§ AIM OF THE EXERCISE:
Reproduce, exactly and in full, only the lines below from the one containing "A man and his" through the one containing "科钦阿巴德中庭酒店的餐厅内带桌椅的用餐室".

§ DATA SHOWN:
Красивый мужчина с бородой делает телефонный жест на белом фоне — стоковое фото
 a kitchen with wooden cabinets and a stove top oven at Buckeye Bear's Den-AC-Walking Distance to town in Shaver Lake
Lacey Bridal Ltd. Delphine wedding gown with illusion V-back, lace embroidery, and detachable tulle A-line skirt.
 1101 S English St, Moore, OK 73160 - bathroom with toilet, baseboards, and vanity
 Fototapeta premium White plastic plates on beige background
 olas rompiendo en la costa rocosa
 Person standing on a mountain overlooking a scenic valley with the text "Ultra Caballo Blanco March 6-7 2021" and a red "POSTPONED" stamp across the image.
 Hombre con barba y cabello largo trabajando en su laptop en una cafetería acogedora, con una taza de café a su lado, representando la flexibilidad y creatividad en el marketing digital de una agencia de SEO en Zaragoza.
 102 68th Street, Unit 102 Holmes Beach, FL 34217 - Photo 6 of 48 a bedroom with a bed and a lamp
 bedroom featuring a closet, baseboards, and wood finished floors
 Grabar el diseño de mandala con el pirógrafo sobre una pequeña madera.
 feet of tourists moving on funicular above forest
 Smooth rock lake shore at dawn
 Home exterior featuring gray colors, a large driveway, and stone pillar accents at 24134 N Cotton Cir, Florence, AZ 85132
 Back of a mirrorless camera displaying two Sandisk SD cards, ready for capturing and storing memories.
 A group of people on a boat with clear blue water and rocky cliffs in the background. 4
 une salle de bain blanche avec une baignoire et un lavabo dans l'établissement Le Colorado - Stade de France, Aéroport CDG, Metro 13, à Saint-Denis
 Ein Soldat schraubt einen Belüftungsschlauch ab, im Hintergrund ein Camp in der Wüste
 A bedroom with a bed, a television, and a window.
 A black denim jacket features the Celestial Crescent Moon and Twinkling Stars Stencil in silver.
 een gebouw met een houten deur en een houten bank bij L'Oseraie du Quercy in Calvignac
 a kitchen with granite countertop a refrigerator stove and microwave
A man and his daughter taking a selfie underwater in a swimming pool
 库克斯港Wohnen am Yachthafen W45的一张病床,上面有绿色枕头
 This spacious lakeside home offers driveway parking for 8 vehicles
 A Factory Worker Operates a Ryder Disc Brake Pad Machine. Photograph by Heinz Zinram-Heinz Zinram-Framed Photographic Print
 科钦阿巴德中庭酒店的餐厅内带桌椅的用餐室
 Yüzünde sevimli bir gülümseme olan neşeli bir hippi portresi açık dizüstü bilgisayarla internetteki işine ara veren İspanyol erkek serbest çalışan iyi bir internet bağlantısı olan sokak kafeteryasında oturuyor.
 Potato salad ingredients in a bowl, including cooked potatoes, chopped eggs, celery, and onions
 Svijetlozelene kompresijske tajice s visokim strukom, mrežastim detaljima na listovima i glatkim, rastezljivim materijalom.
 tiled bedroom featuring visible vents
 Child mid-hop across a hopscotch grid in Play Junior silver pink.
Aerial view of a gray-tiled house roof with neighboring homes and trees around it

§ RESPONSE TO THIS EXERCISE:
A man and his daughter taking a selfie underwater in a swimming pool
 库克斯港Wohnen am Yachthafen W45的一张病床,上面有绿色枕头
 This spacious lakeside home offers driveway parking for 8 vehicles
 A Factory Worker Operates a Ryder Disc Brake Pad Machine. Photograph by Heinz Zinram-Heinz Zinram-Framed Photographic Print
 科钦阿巴德中庭酒店的餐厅内带桌椅的用餐室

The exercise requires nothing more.